REPUBLIKA.CO.ID, JAKARTA -- Ketua Umum Perhimpunan Advokat Indonesia (Peradi) Fauzie Yusuf Hasibuan mengatakan pemerintah harus hati-hati dan memperhatikan beberapa hal dalam melakukan revisi ataupun penyempurnaan UU No 15 tahun 2003 tentang Pemberantasan Tindak Pidana Terorisme.
"Pertama, adanya kewenangan Kepolisian untuk menangkap dan memeriksa terduga terorisme dan jika dikemudian hari tidak terbukti maka negara harus memulihkan nama baik mereka," kata Fauzie di Jakarta, Selasa (19/1).

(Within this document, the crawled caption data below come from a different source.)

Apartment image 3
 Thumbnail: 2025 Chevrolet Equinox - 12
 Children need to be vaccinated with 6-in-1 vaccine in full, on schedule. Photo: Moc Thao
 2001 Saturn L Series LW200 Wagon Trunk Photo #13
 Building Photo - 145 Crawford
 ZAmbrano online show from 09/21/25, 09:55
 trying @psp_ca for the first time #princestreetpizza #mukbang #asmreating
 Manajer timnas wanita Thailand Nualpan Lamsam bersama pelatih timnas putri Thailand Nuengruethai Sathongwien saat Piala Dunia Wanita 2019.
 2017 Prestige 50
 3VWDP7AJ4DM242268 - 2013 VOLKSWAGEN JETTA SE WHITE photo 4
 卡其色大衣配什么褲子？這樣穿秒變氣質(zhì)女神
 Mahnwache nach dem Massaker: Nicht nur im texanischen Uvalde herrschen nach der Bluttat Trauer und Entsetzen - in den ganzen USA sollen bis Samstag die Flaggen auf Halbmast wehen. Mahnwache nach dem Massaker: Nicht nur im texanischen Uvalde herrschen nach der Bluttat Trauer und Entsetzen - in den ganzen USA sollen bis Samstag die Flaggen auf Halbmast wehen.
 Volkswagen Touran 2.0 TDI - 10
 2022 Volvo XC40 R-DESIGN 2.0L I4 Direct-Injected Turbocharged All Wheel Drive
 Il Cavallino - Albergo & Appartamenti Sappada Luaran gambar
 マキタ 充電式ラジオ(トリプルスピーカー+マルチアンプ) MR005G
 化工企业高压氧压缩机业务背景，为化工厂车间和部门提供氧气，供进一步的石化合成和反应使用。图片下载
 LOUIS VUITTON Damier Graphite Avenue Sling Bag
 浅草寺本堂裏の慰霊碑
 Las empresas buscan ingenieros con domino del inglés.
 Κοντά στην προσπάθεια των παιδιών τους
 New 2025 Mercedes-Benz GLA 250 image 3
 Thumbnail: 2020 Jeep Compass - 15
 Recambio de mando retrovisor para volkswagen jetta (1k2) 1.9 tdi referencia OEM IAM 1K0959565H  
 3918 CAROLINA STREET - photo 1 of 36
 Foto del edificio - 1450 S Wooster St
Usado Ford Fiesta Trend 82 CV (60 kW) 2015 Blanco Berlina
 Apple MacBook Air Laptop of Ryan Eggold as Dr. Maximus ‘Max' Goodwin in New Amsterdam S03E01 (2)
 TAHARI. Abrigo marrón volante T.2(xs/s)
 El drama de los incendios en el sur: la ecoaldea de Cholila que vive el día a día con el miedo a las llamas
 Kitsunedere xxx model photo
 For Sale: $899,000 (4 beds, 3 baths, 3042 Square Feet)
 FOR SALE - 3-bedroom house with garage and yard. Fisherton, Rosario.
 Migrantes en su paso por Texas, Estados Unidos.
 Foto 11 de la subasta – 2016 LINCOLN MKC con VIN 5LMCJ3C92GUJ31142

Menurut Fauzie, dalam rangka penegakan hukum pencegahan lebih baik daripada penindakan. Keberadaan Badan Nasional Penanggulangan Terorisme (BNPT), kata Fauzie, harus jelas tugas dan kewenanganya tidak seperti saat ini yang kurang dirasakan oleh masyarakat manfaat badan tersebut.
"Saat ini kan yang melakukan penindakan selalu polisi sedangkan BNPT masih belum jelas tugas dan fungsinya karena cara kerjanya masih campur aduk antara penindakan, kebijakan dan supervisi," kata Fauzie.
Ia menyarankan agar BNPT berkonsentrasi untuk melakukan pencegahan dengan memberikan edukasi kepada masyarakat terutama generasi muda mengenai bahaya terorisme. "Mereka bisa melakukan edukasi deradikalisme kepada anak-anak kita mulai dari tingkat sekolah dasar hingga perguruan tinggi. Selain itu, program deradikalisme juga sebaiknya mulai diajarkan di pondok pesantren dan pendidikan agama lainnya karena tidak ada satu agamapun yang mengajarkan kekerasan," tambah dia.
Meski demikian, dalam revisi UU terorisme pemerintah juga harus membuat klasifikasi bentuk ancaman dan pihak yang melakukan ancaman tersebut. "Harus ditegaskan mana yang masuk dalam kategori ancaman yang mengganggu keamanan nasional, sehingga nanti bisa ditentukan pihak mana yang melakukan penindakan. Namun, semangat dari revisi UU ini harus tetap mengedepankan upaya penegakan hukum," jelasnya.